ABOUT THIS TASK:
When you find the line with "PCB: Pakistan Cup" among the records below, reproduce it and each line after it exactly, ending with the line with "Lifestyles Of The".

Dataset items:

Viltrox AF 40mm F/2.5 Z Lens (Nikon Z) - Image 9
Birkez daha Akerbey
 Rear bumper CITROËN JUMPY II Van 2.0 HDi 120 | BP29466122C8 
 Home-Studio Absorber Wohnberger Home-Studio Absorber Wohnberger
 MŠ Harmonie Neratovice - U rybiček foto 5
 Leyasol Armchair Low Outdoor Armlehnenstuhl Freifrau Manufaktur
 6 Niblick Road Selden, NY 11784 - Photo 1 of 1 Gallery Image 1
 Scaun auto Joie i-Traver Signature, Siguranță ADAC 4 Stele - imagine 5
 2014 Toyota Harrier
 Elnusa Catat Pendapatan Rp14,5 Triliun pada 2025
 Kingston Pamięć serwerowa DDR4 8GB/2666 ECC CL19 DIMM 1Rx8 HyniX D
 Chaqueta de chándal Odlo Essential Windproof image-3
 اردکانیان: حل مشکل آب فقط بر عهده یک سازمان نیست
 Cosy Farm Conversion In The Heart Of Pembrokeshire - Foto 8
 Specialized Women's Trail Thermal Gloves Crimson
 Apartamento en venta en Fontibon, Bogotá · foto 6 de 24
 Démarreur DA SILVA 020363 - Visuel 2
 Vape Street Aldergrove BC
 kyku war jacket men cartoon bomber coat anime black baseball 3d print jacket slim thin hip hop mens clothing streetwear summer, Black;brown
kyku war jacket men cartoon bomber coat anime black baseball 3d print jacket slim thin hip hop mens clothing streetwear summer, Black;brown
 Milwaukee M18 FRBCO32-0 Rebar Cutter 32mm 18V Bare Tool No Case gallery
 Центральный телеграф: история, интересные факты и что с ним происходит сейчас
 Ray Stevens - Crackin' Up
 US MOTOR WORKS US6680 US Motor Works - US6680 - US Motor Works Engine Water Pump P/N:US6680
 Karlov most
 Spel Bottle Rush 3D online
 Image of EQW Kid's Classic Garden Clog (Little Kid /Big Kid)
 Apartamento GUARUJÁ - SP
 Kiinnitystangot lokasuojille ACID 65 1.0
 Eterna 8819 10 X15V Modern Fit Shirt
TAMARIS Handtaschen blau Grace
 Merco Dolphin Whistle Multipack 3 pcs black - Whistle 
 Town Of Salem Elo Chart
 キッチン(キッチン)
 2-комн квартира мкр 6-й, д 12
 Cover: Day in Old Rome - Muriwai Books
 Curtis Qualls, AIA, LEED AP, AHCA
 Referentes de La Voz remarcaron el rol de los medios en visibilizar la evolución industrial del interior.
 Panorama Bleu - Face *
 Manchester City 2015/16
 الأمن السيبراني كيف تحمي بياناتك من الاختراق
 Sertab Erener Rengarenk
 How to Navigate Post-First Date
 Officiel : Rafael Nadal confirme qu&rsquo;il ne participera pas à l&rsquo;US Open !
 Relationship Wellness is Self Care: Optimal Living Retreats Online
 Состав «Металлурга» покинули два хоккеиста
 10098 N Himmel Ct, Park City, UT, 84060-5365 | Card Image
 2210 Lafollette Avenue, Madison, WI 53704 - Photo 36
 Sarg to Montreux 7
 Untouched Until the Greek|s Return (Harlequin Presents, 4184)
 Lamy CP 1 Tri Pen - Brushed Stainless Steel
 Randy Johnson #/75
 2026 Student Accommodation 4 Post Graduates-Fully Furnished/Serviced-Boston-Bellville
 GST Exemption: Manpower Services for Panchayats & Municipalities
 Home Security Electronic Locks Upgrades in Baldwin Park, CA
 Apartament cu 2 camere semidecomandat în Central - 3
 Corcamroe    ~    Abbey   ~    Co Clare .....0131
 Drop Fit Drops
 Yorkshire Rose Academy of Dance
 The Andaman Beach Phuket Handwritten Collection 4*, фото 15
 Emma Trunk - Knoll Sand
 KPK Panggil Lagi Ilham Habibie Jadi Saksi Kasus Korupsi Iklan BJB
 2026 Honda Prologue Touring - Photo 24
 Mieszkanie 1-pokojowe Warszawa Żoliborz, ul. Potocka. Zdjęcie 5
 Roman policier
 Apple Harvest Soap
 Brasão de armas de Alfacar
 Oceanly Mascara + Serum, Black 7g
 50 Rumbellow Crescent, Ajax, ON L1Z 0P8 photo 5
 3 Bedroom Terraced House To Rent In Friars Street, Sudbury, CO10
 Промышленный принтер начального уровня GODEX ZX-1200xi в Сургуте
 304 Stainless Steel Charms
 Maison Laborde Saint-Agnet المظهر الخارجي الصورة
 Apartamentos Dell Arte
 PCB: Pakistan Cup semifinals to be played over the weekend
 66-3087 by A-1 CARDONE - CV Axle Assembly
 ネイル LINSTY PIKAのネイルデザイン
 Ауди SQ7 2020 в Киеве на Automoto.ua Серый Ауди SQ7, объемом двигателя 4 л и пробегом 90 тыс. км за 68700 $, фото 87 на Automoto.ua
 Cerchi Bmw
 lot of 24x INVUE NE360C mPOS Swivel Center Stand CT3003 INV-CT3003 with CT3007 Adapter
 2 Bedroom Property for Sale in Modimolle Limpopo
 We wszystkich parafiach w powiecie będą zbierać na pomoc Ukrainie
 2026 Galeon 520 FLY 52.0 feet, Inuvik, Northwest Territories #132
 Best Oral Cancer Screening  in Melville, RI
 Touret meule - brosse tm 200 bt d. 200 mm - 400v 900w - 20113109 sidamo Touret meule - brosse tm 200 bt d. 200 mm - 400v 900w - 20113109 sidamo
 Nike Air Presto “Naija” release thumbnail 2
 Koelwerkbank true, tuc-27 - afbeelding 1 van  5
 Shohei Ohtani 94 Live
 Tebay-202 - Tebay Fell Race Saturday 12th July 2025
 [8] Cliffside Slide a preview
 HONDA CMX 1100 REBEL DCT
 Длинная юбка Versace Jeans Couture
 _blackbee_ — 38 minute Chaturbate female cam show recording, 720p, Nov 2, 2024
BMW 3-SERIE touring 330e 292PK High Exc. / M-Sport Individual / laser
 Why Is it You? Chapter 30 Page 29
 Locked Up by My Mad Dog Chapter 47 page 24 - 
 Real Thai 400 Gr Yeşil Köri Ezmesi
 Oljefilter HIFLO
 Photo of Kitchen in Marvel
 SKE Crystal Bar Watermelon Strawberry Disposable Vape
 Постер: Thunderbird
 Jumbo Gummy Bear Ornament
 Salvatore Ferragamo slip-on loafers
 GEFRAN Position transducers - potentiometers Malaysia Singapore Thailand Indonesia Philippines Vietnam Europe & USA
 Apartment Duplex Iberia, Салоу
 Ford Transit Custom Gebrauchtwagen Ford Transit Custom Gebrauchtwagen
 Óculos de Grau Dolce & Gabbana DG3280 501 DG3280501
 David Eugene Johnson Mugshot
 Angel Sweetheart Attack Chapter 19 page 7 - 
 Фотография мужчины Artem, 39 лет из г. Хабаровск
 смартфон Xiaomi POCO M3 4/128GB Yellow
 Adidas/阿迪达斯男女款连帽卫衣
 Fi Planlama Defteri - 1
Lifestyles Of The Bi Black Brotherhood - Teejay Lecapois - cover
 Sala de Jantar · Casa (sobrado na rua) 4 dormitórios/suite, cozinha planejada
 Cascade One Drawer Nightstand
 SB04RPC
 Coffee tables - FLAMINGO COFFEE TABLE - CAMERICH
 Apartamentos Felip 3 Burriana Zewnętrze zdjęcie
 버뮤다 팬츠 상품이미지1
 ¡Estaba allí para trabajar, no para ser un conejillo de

RESPONSE BELOW:
 PCB: Pakistan Cup semifinals to be played over the weekend
 66-3087 by A-1 CARDONE - CV Axle Assembly
 ネイル LINSTY PIKAのネイルデザイン
 Ауди SQ7 2020 в Киеве на Automoto.ua Серый Ауди SQ7, объемом двигателя 4 л и пробегом 90 тыс. км за 68700 $, фото 87 на Automoto.ua
 Cerchi Bmw
 lot of 24x INVUE NE360C mPOS Swivel Center Stand CT3003 INV-CT3003 with CT3007 Adapter
 2 Bedroom Property for Sale in Modimolle Limpopo
 We wszystkich parafiach w powiecie będą zbierać na pomoc Ukrainie
 2026 Galeon 520 FLY 52.0 feet, Inuvik, Northwest Territories #132
 Best Oral Cancer Screening  in Melville, RI
 Touret meule - brosse tm 200 bt d. 200 mm - 400v 900w - 20113109 sidamo Touret meule - brosse tm 200 bt d. 200 mm - 400v 900w - 20113109 sidamo
 Nike Air Presto “Naija” release thumbnail 2
 Koelwerkbank true, tuc-27 - afbeelding 1 van  5
 Shohei Ohtani 94 Live
 Tebay-202 - Tebay Fell Race Saturday 12th July 2025
 [8] Cliffside Slide a preview
 HONDA CMX 1100 REBEL DCT
 Длинная юбка Versace Jeans Couture
 _blackbee_ — 38 minute Chaturbate female cam show recording, 720p, Nov 2, 2024
BMW 3-SERIE touring 330e 292PK High Exc. / M-Sport Individual / laser
 Why Is it You? Chapter 30 Page 29
 Locked Up by My Mad Dog Chapter 47 page 24 - 
 Real Thai 400 Gr Yeşil Köri Ezmesi
 Oljefilter HIFLO
 Photo of Kitchen in Marvel
 SKE Crystal Bar Watermelon Strawberry Disposable Vape
 Постер: Thunderbird
 Jumbo Gummy Bear Ornament
 Salvatore Ferragamo slip-on loafers
 GEFRAN Position transducers - potentiometers Malaysia Singapore Thailand Indonesia Philippines Vietnam Europe & USA
 Apartment Duplex Iberia, Салоу
 Ford Transit Custom Gebrauchtwagen Ford Transit Custom Gebrauchtwagen
 Óculos de Grau Dolce & Gabbana DG3280 501 DG3280501
 David Eugene Johnson Mugshot
 Angel Sweetheart Attack Chapter 19 page 7 - 
 Фотография мужчины Artem, 39 лет из г. Хабаровск
 смартфон Xiaomi POCO M3 4/128GB Yellow
 Adidas/阿迪达斯男女款连帽卫衣
 Fi Planlama Defteri - 1
Lifestyles Of The Bi Black Brotherhood - Teejay Lecapois - cover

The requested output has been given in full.